**Record extracts**
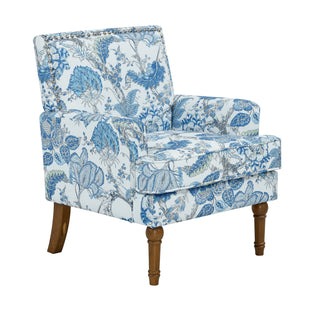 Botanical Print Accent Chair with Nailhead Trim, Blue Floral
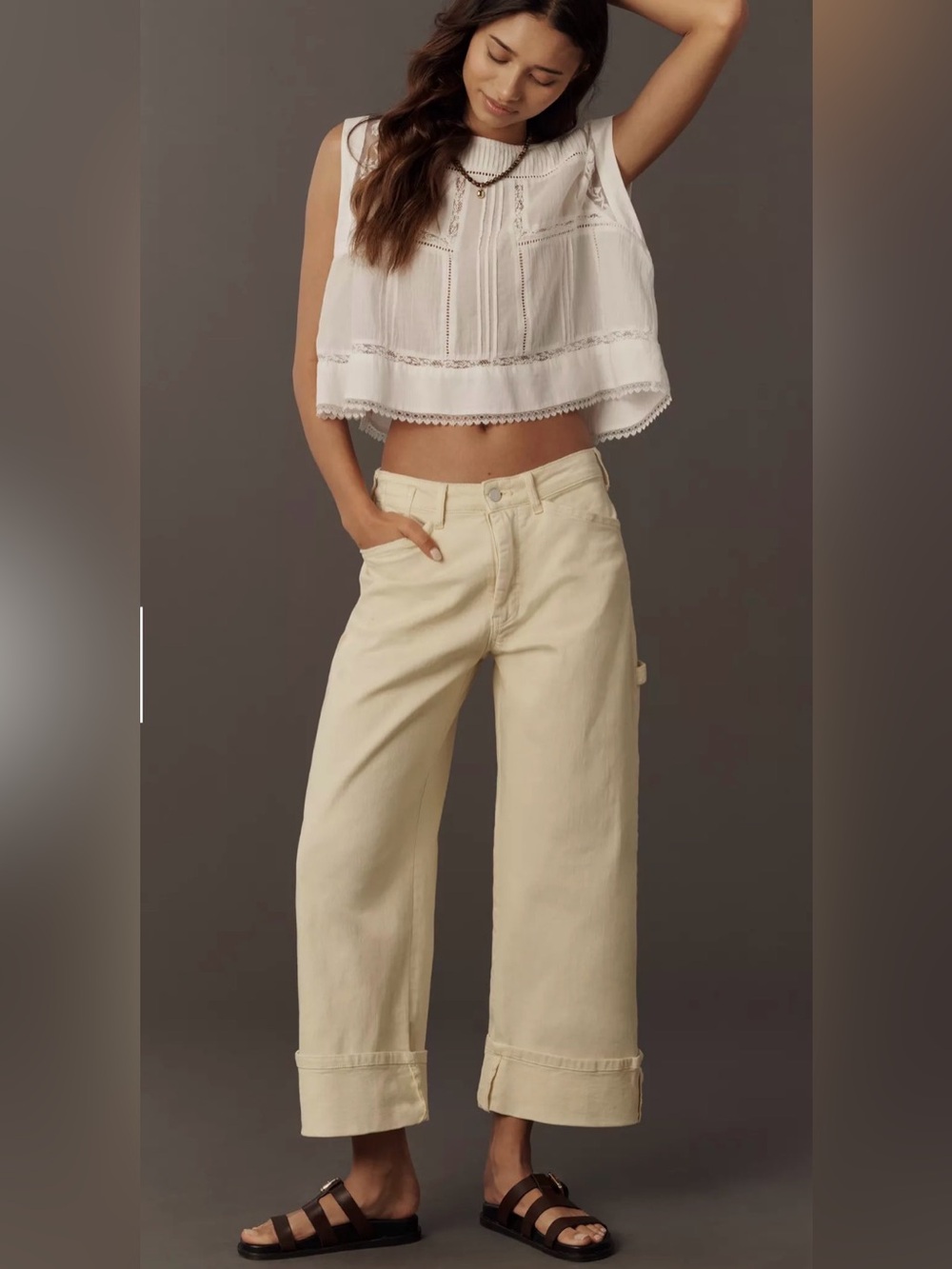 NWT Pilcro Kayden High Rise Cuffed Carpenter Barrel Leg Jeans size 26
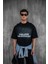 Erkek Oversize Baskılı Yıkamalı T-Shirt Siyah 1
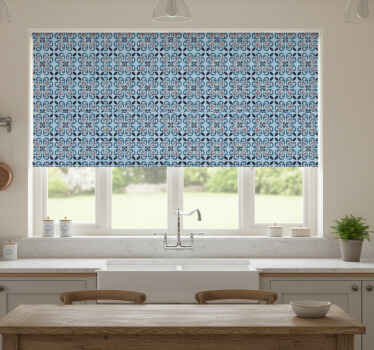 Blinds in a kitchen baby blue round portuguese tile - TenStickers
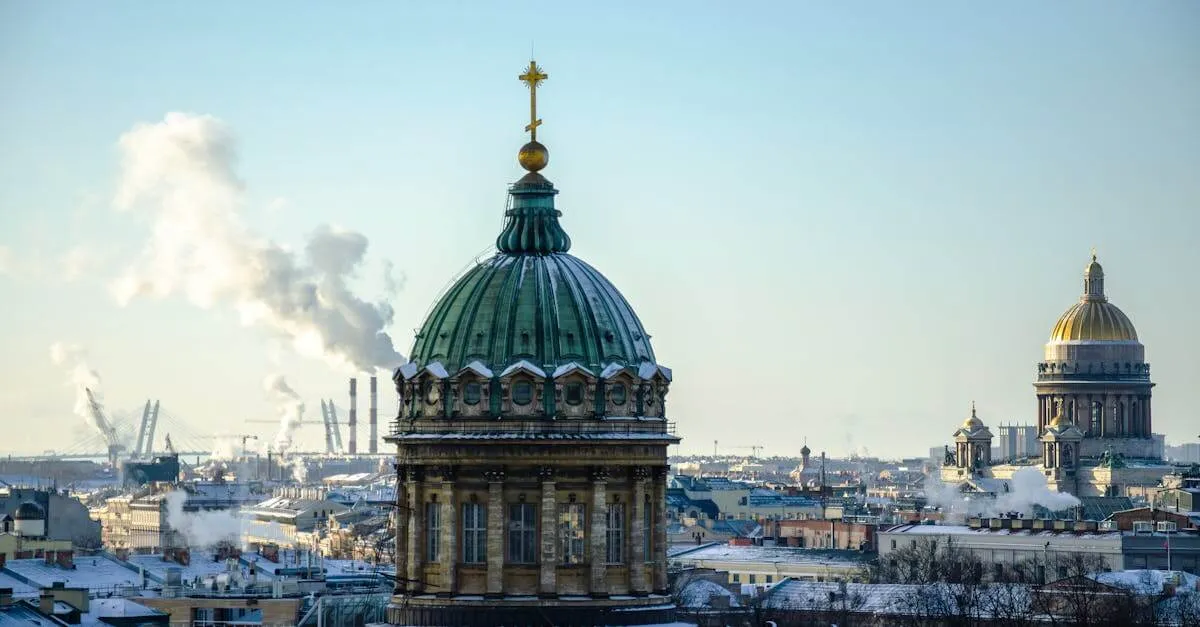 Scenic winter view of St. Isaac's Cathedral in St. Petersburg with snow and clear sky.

**Task requirements**
In the answer, the entries must appear exactly as above, without the images.

**Task result**
 Botanical Print Accent Chair with Nailhead Trim, Blue Floral
 NWT Pilcro Kayden High Rise Cuffed Carpenter Barrel Leg Jeans size 26
 Erkek Oversize Baskılı Yıkamalı T-Shirt Siyah 1
 Blinds in a kitchen baby blue round portuguese tile - TenStickers
 Scenic winter view of St. Isaac's Cathedral in St. Petersburg with snow and clear sky.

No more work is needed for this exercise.